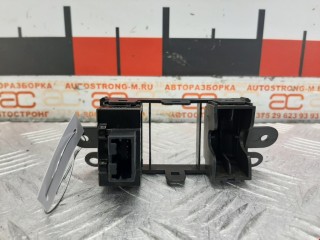 Кнопка антипробуксовочной системы (ABS/ESP), ориг. номер 251465Z000, Nissan Armada 2003-2007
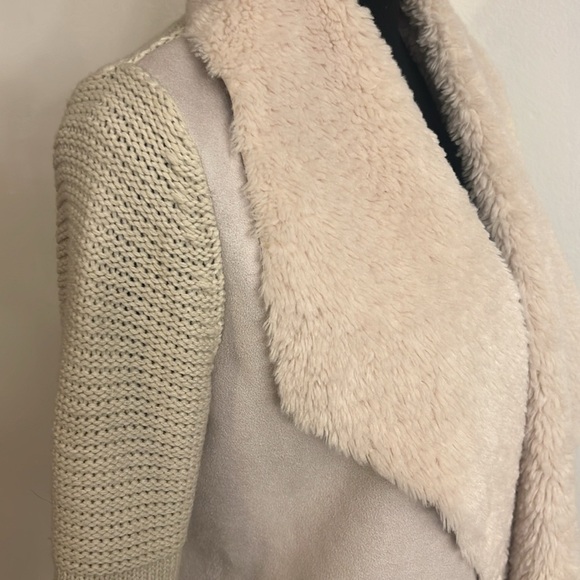 Chelsea & Theodore Faux Suede, Faux Suede Open Front Sweater Cardigan, Sz. S. - Picture 5 of 10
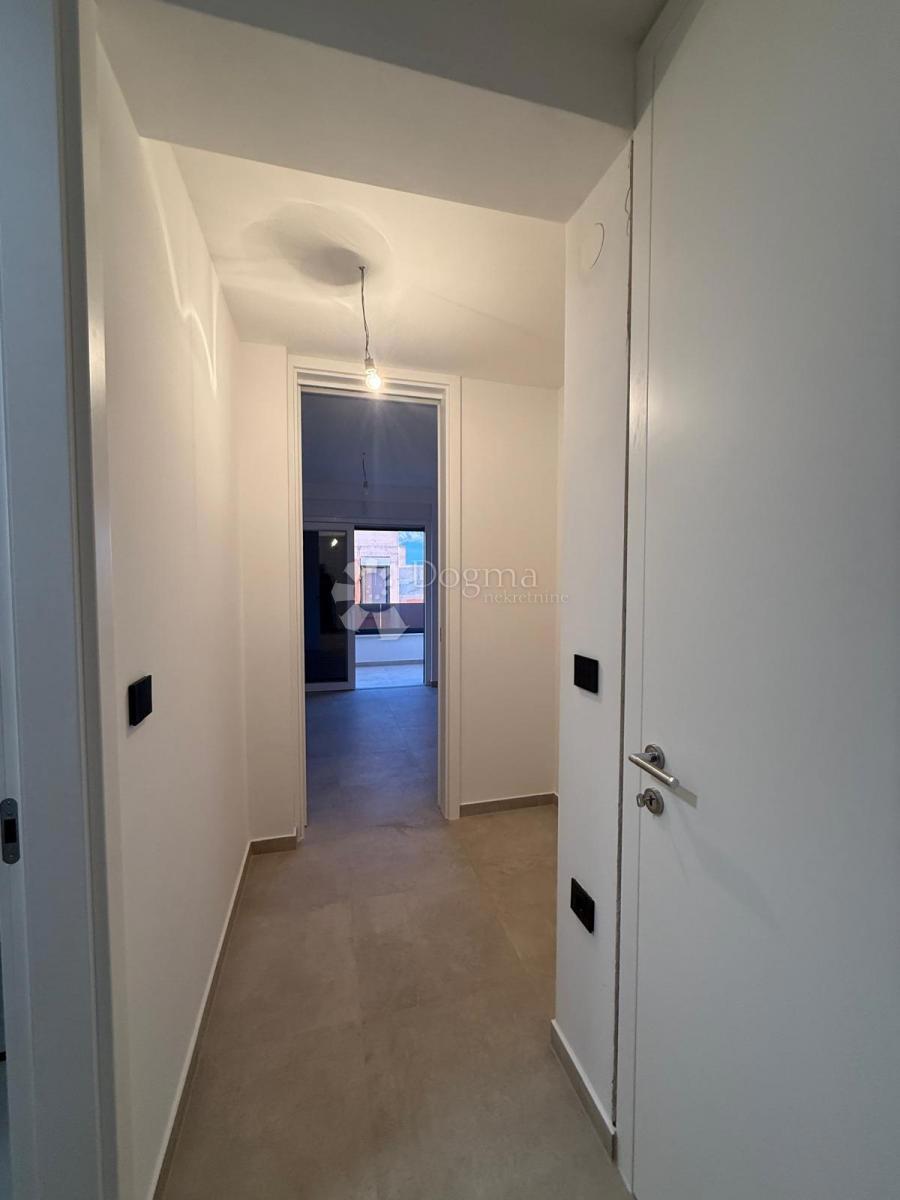 Casa Novalja, 238,96m2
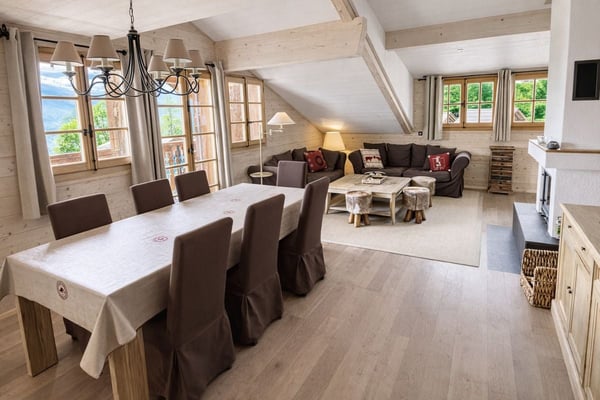 Magnifique appartement en duplex de 6.5 pièces avec SPA et piscine 1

What to do - Copy all of the listing word for word, minus the images.

Exercise solution -
 Кнопка антипробуксовочной системы (ABS/ESP), ориг. номер 251465Z000, Nissan Armada 2003-2007
 Chelsea & Theodore Faux Suede, Faux Suede Open Front Sweater Cardigan, Sz. S. - Picture 5 of 10
 Casa Novalja, 238,96m2
 Magnifique appartement en duplex de 6.5 pièces avec SPA et piscine 1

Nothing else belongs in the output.